Binder

The Binder is a critical component in the Opteryx query engine that bridges the gap between the logical query plan and the physical execution. It resolves all identifiers (table names, column names, aliases) to their actual schemas and validates that the query is semantically correct.

Purpose

The primary purposes of the Binder are:

Identifier Resolution: Map all column and table references to their actual data sources
Schema Binding: Associate each identifier with complete schema information (data type, nullable, source relation, etc.)
Type Checking: Validate that operations are performed on compatible data types
Ambiguity Detection: Identify and report ambiguous column references that could refer to multiple sources
Variable Substitution: Replace query parameters and variables with their actual values
Temporal Binding: Add temporal information for time-travel queries

How It Works

Column Resolution

When the binder encounters a column reference, it must determine which relation (table, subquery, CTE) the column comes from. The process is:

Search all available schemas in the current context
Check if the column exists in exactly one schema (if multiple matches, report ambiguity)
Create a FlatColumn object with the column's metadata:
Column name and any alias
Data type
Source relation
Source column name (may differ from the reference if aliased)

Schema Context

The binder maintains a context of available schemas as it traverses the query plan. This context includes:

Schemas from scanned relations (tables, views)
Schemas from subqueries and CTEs
Schemas created by previous operators in the plan

As operators are bound, the available schema context changes.
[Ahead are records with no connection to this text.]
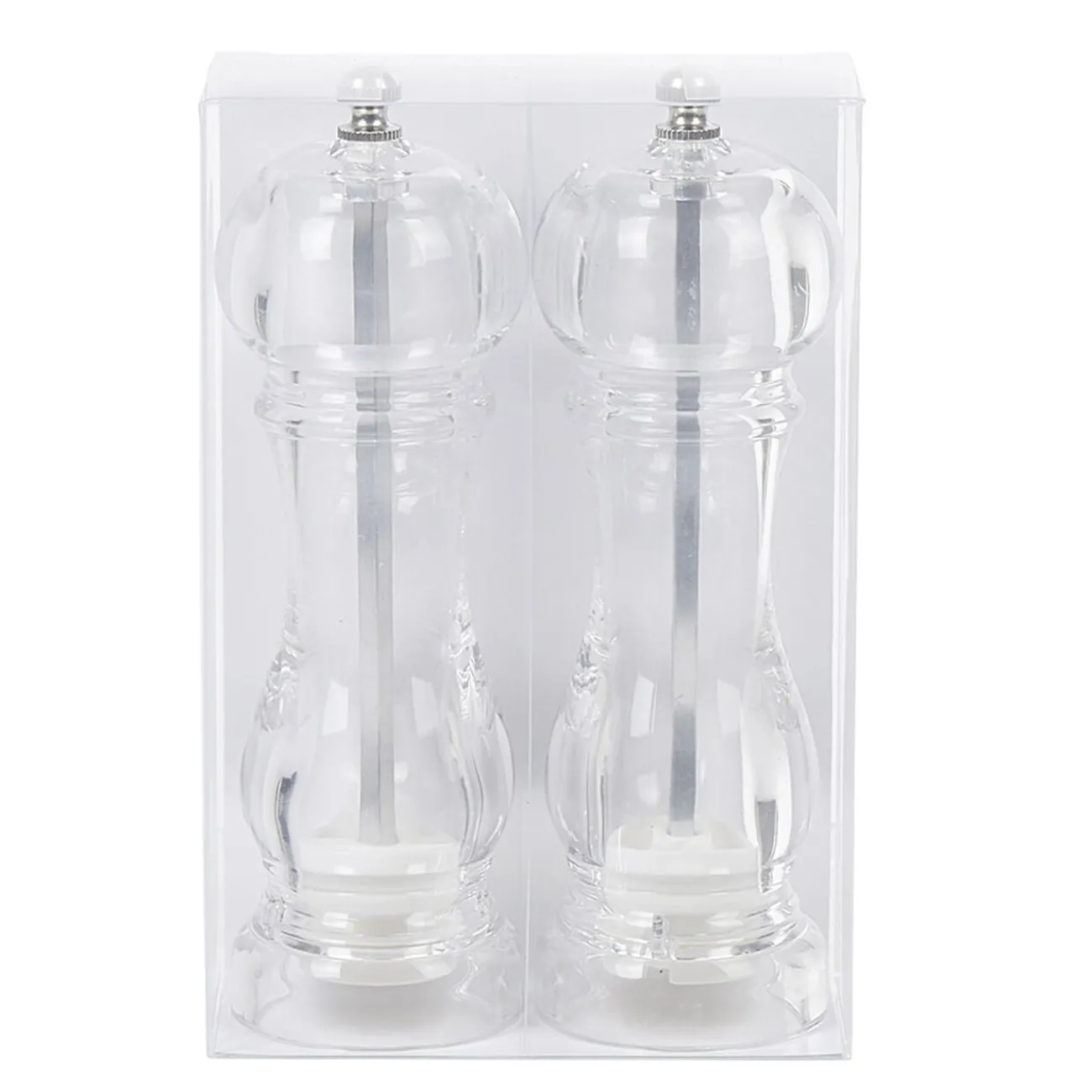 Gifi Set de 2 moulins poivre et sel gris transparent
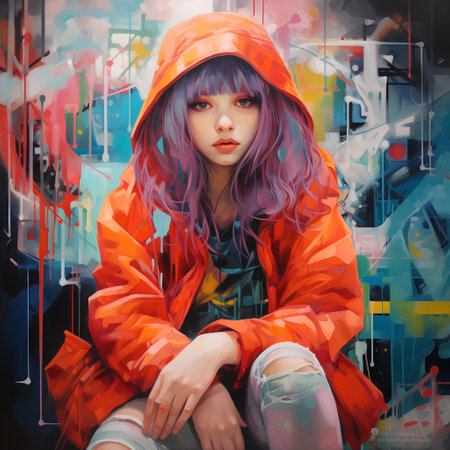 Portrait of a beautiful girl with bright make-up in a raincoat.の素材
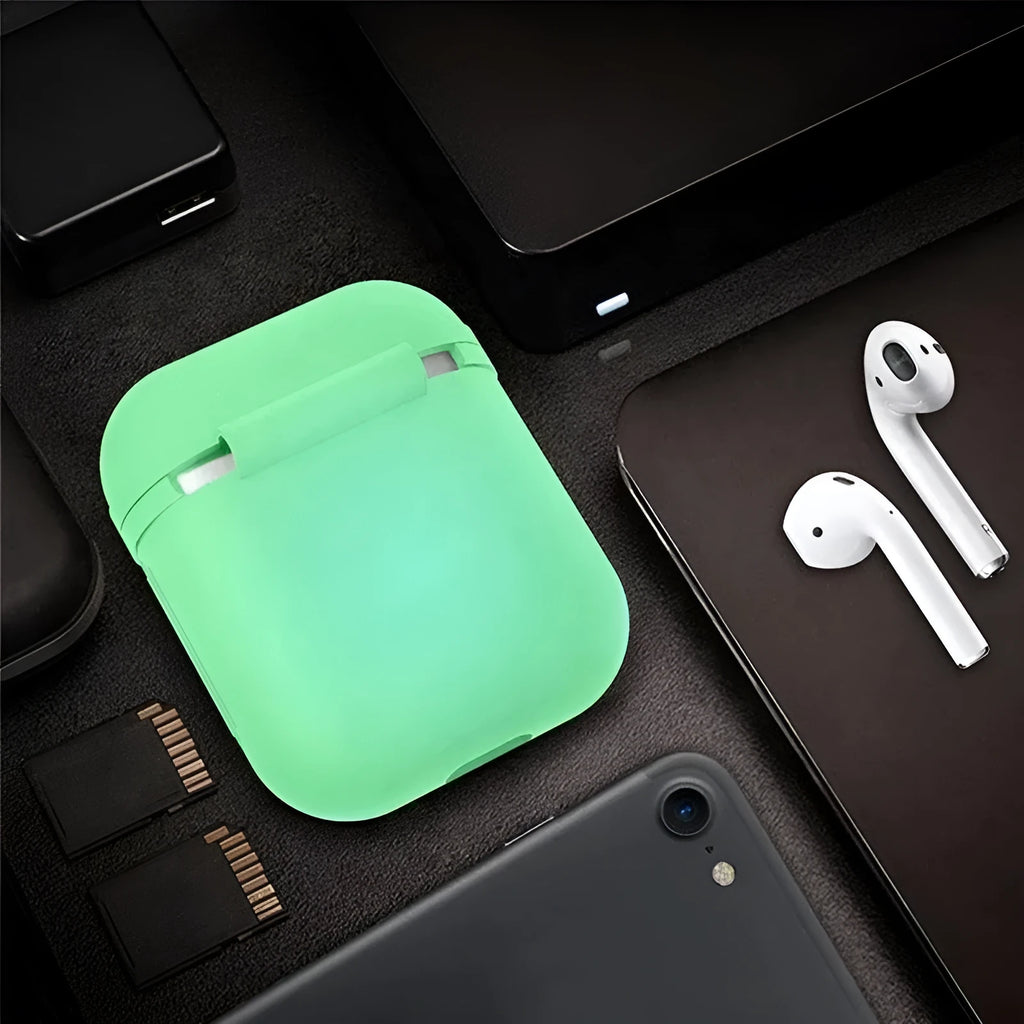 Luminous coloured silicone flip-case for Apple AirPods wireless earphones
For example, a projection changes which columns are available to downstream operators.

Column Types

The binder works with different types of columns:

Identifier Columns

These reference columns from relations:

node_type is IDENTIFIER
schema_column is a FlatColumn
source is the relation (remote dataset, subquery, CTE)
source_column is the name of the column at the source

FlatColumn(
    alias=alias,  # AS alias, if provided
    source_column=branch[-1]["value"],  # the source column name
    source=".".join(p["value"] for p in branch[:-1]),  # the source relation
)

Literal Columns

These are constant values in the query:

node_type is LITERAL
schema_column is a ConstantColumn
type is the data type of the constant

The value is retrieved from schema_column.value.

Computed Columns

These are expressions that produce new columns (e.g., price * quantity).

Examples

Simple Query

SELECT name, age FROM users

The binder will: 1. Resolve users to a data source and load its schema 2. Confirm name and age columns exist in the users schema 3. Create bound column references with full type information

Ambiguous Reference

SELECT id 
  FROM users 
  JOIN orders 
    ON users.id = orders.user_id

If both users and orders have an id column, the binder will raise an AmbiguousIdentifierError because it cannot determine which id is being requested in the SELECT clause.

With Alias

SELECT u.name, o.total 
  FROM users AS u 
  JOIN orders AS o 
    ON u.id = o.user_id

The binder will: 1. Register users with alias u 2. Register orders with alias o
3. Resolve u.name to users.name 4. Resolve o.total to orders.total

Implementation Details

The binder is implemented in /opteryx/planner/binder/ with several key files:

binder.py: Main binding logic and helper functions
binder_visitor.py: Traverses the query plan and applies binding
binding_context.py: Manages the schema context during binding
operator_map.py: Maps operators to their schema transformations

The binder operates after the logical planner creates the initial query plan, but before optimization. This ensures the optimizer has complete schema information to make informed decisions.